You Had Me At Christmas: A Holiday Anthology

“Are you okay to drive?” he asked.

“Fine.” It was a lie. She wasn’t fine. But she could drive a damn car. She could drive a car away from him.

She slipped out the door.

“Merry Christmas, Trina,” he yelled after her.

She flipped him her middle finger.

Right. Just another awful Christmas in a long line of awful Christmases.


December 24, 2011

10:22 PM

Dean fought it as long as he could. And he had a lot of fight. He was used to long, drawn-out battles over many years. He was very comfortable with trench warfare. He could—very easily—pretend last night never happened. And when he ran into Trina at the grocery store or the post office, he could pretend. Pretend to be casual. Pretend not to care.

He was so damn good at that, after all. He’d been pretending with her most of his damn life.

But quite suddenly, and all at once, he didn’t have any fight left.

And he called Trina. Or he called the cell phone number she’d given him in the bar last night.

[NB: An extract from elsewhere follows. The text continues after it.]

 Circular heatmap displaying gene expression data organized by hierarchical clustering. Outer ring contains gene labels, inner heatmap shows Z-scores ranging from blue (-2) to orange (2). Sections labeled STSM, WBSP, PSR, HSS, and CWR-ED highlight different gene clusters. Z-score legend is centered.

Predictably, it went to voice mail.

“You’ve reached Trina, leave a message.”

Beeeeep.

For a nanosecond he nearly hung up. But this morning had been a life-changing event. Her in his house. In his bed. Him inside of her… He wanted that. Had wanted that forever.

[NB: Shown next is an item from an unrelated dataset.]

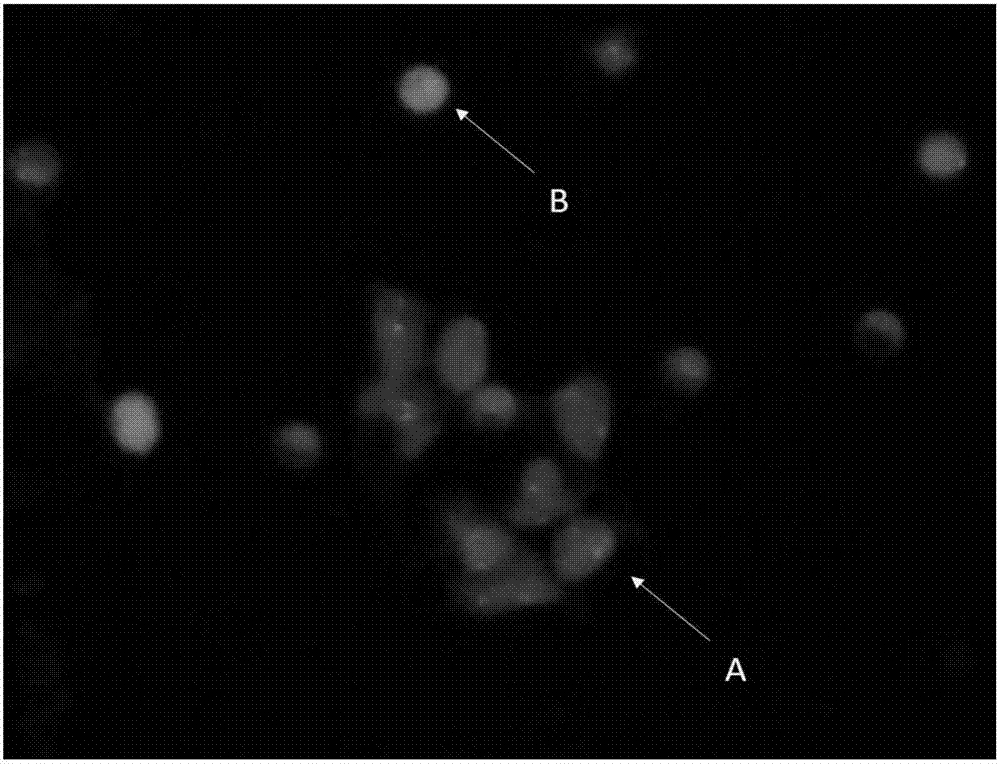 Kit applying CD45 immunofluorescence combined with CEP probe to identify circulating tumor cells and application thereof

And that too was worth fighting for. And he figured it was about time he fought for what he wanted.

“Hey, Trina. It’s…uh. It’s me. Dean.” Awesome. Starting with a bang. “Sorry to call so late, but I’ve just…I just feel really bad about the way things ended this morning. I said some stuff I really don’t mean. And,” he laughed. “I’m hoping that’s true for you too. That you didn’t mean some of the stuff you said.” This was not the direction he wanted to go. “Anyway. This morning, last night… it was…” the best night of my life. “Really good. And I want to see you again. I mean, we’ll probably see each other anyway, in town and everything. And I don’t want it to be awkward. And…” He took a deep breath. “And it wasn’t just a casual thing for me. With you. It could never be casual, with you. And I want to see you. A lot. So, I’m going to call, and keep calling, and sooner or later I figure you’ll get sick of that and call me back. Okay…ah…well, merry Christmas, Trina.”

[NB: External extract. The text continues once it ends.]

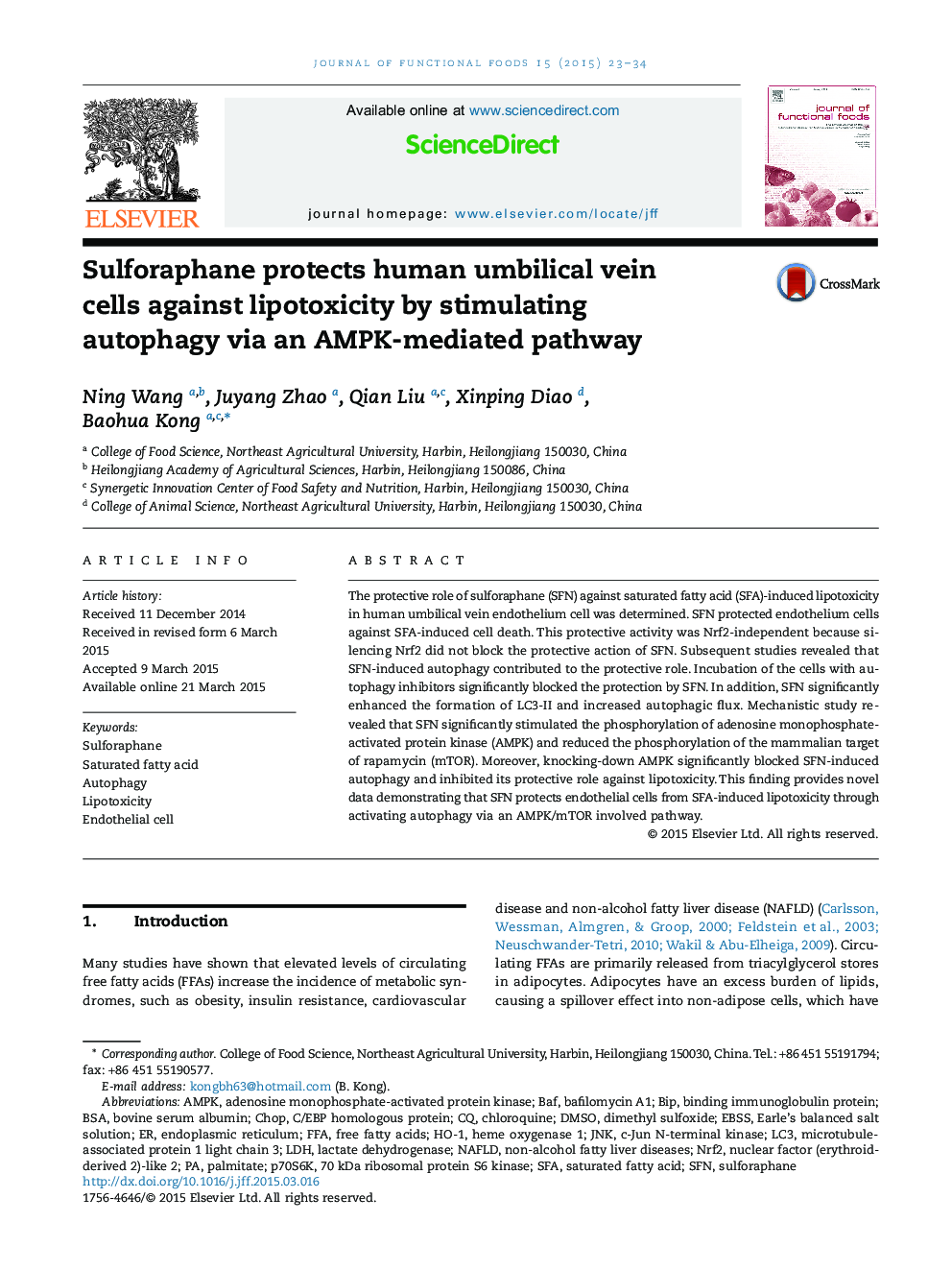 Sulforaphane protects human umbilical vein cells against lipotoxicity by stimulating autophagy via an AMPK-mediated pathway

He hung up and threw the phone down on the bed.

He wished he could feel good about that, like he’d made a wrong step right. But he knew Trina. And he had a really good sense that she would not call him back.

He turned off the lights and stretched out in the sheets of his bed that still smelled like her.





Chapter Four





December 24, 2012

5:45 PM

Was it her or were the numbers on the gas pump clicking over more slowly than usual? They were frozen, like the rest of Dusk Falls.

“Come on, come on, come on,” Trina muttered, stomping her feet to keep them warm.

Still slow. Forget this. She’d wait in the car.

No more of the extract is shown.